# What is required:
Verbatim output, no pictures: the lines from the beginning of the material through the line with "Health care researchers", both ends kept.

# Records for the task:
□ □ □ □

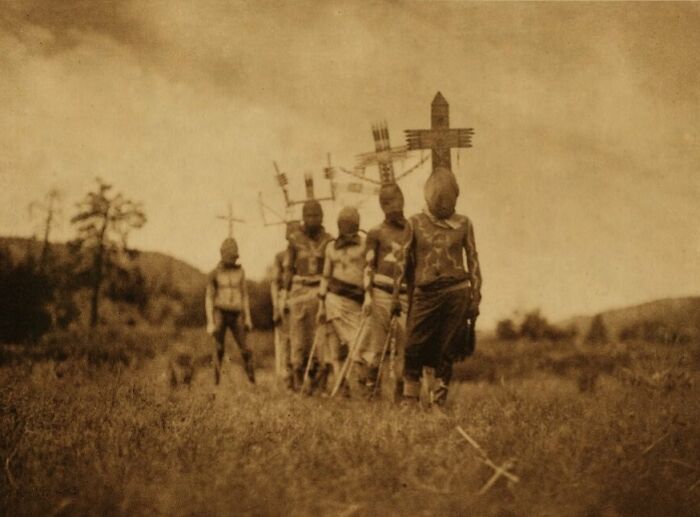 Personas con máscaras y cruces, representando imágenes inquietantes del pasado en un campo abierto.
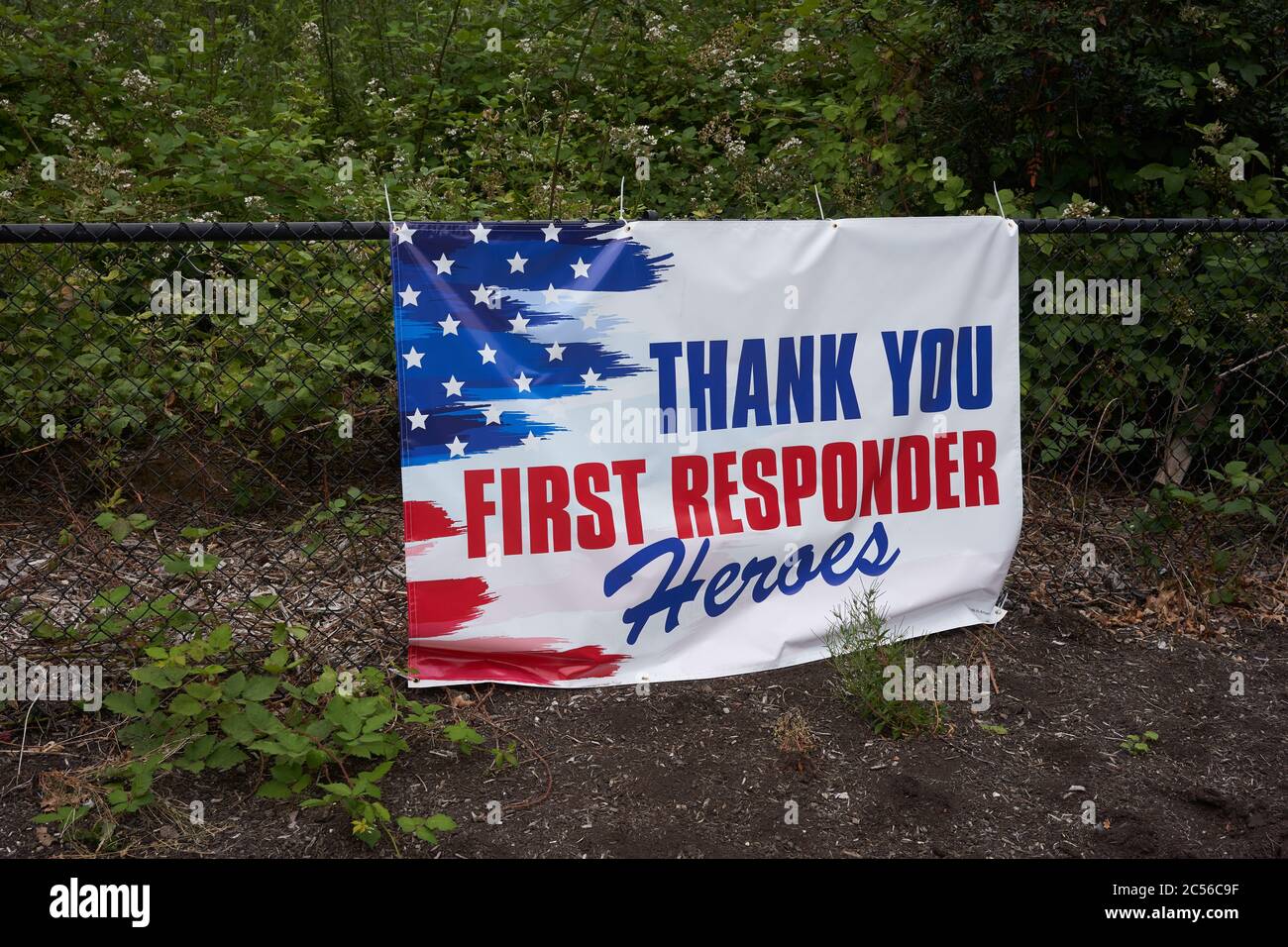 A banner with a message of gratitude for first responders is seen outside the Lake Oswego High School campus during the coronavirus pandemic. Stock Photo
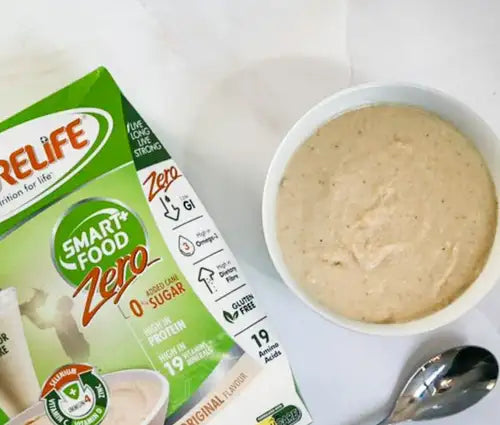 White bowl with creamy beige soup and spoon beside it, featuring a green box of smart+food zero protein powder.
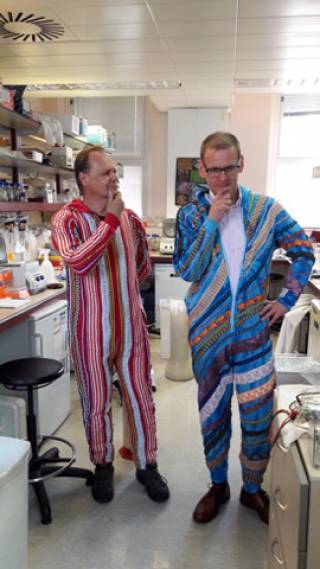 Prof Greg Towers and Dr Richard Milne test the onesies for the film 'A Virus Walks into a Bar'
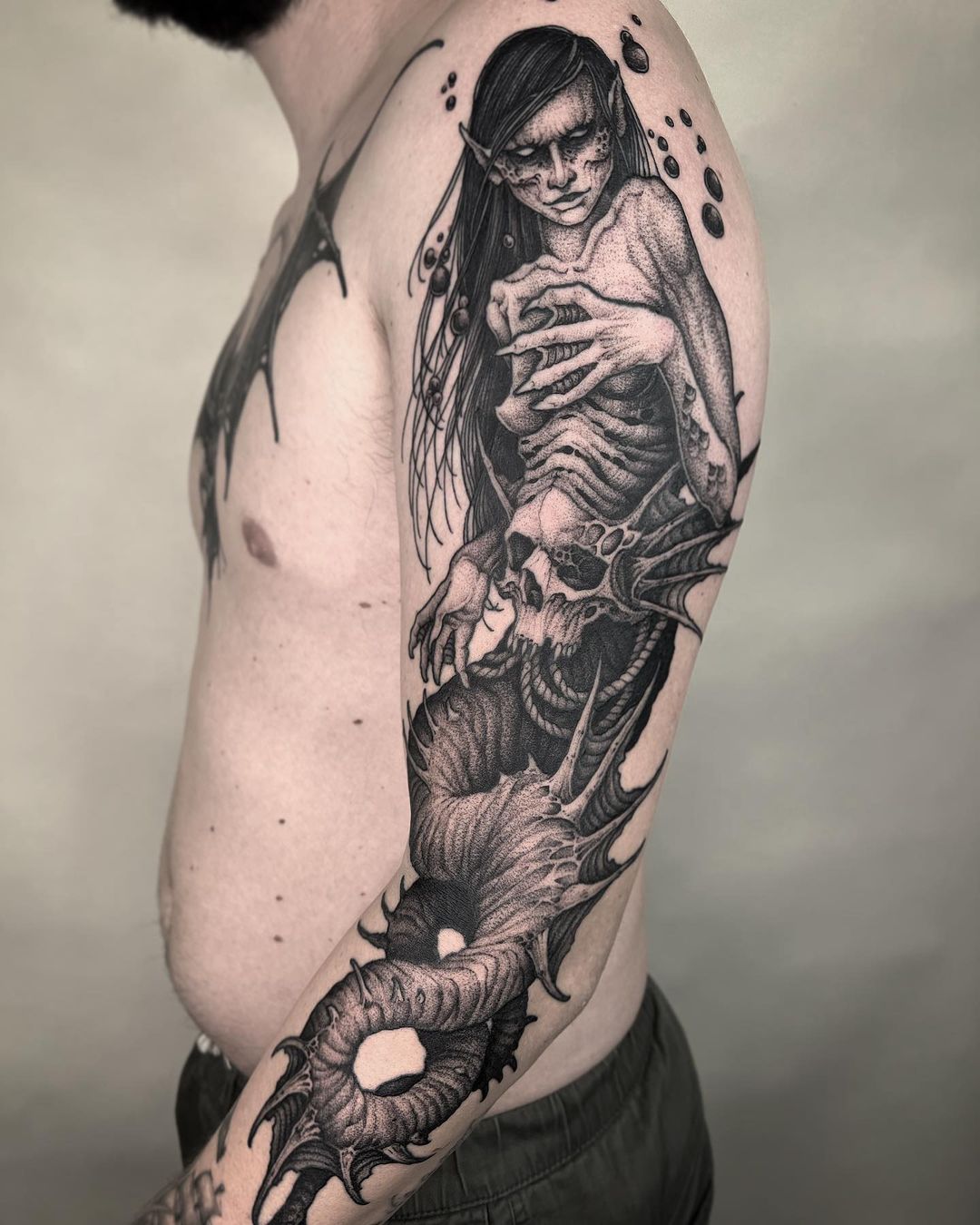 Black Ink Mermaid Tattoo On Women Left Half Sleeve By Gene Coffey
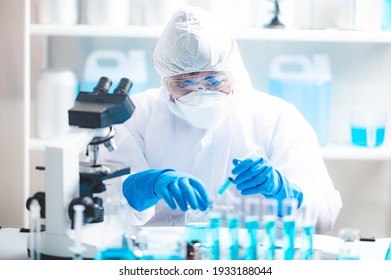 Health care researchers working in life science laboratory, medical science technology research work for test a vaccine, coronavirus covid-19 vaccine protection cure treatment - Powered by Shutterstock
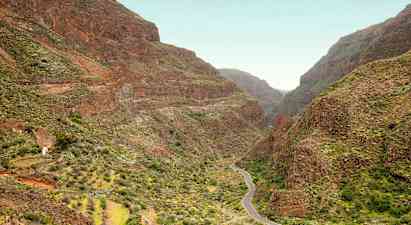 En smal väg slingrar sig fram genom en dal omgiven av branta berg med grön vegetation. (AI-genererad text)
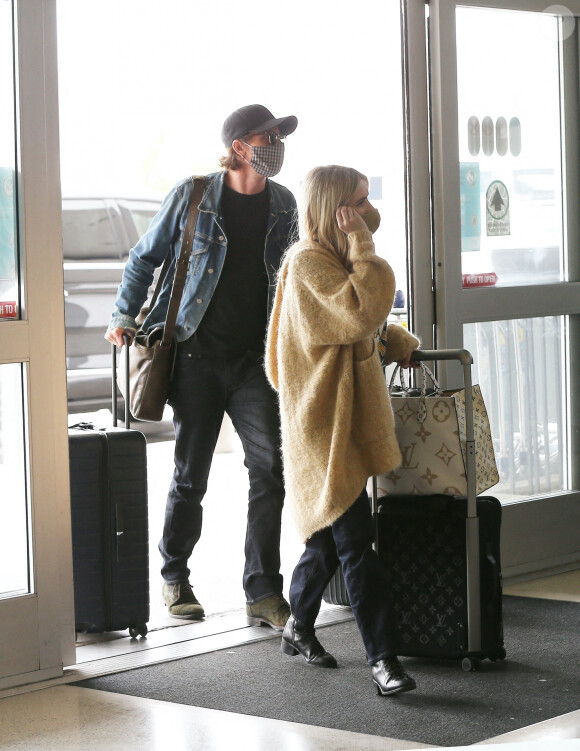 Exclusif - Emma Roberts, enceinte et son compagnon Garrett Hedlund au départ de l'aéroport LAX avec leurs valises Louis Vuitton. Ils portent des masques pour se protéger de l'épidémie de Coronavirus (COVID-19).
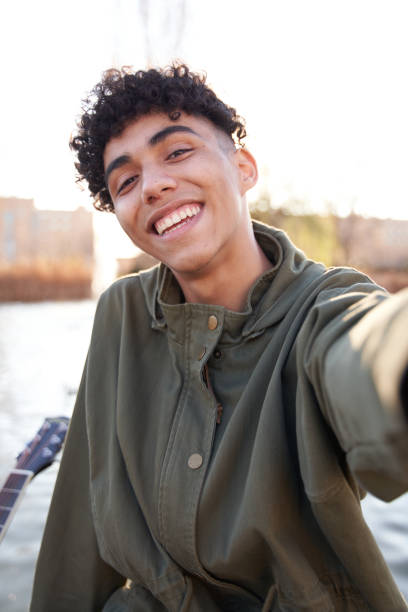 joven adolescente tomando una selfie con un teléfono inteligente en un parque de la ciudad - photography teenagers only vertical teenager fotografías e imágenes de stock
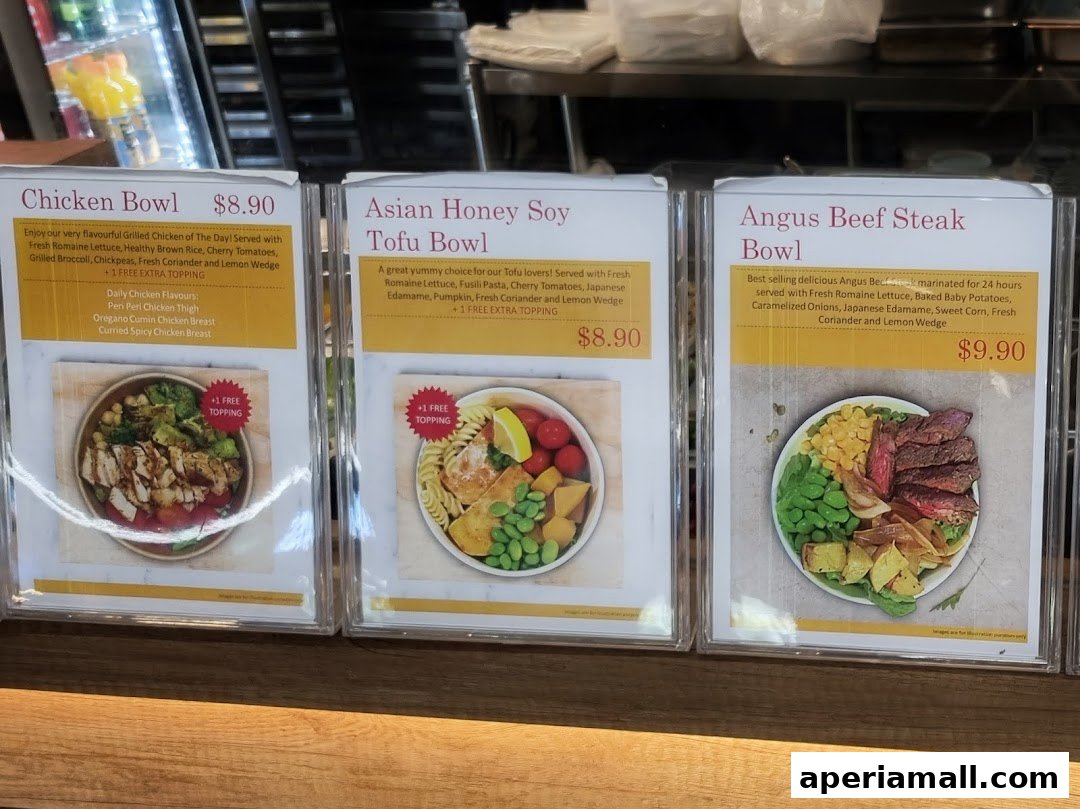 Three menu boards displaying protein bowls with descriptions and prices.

□ □ □ □

# Response to this task:
 Personas con máscaras y cruces, representando imágenes inquietantes del pasado en un campo abierto.
 A banner with a message of gratitude for first responders is seen outside the Lake Oswego High School campus during the coronavirus pandemic. Stock Photo
 White bowl with creamy beige soup and spoon beside it, featuring a green box of smart+food zero protein powder.
 Prof Greg Towers and Dr Richard Milne test the onesies for the film 'A Virus Walks into a Bar'
 Black Ink Mermaid Tattoo On Women Left Half Sleeve By Gene Coffey
 Health care researchers working in life science laboratory, medical science technology research work for test a vaccine, coronavirus covid-19 vaccine protection cure treatment - Powered by Shutterstock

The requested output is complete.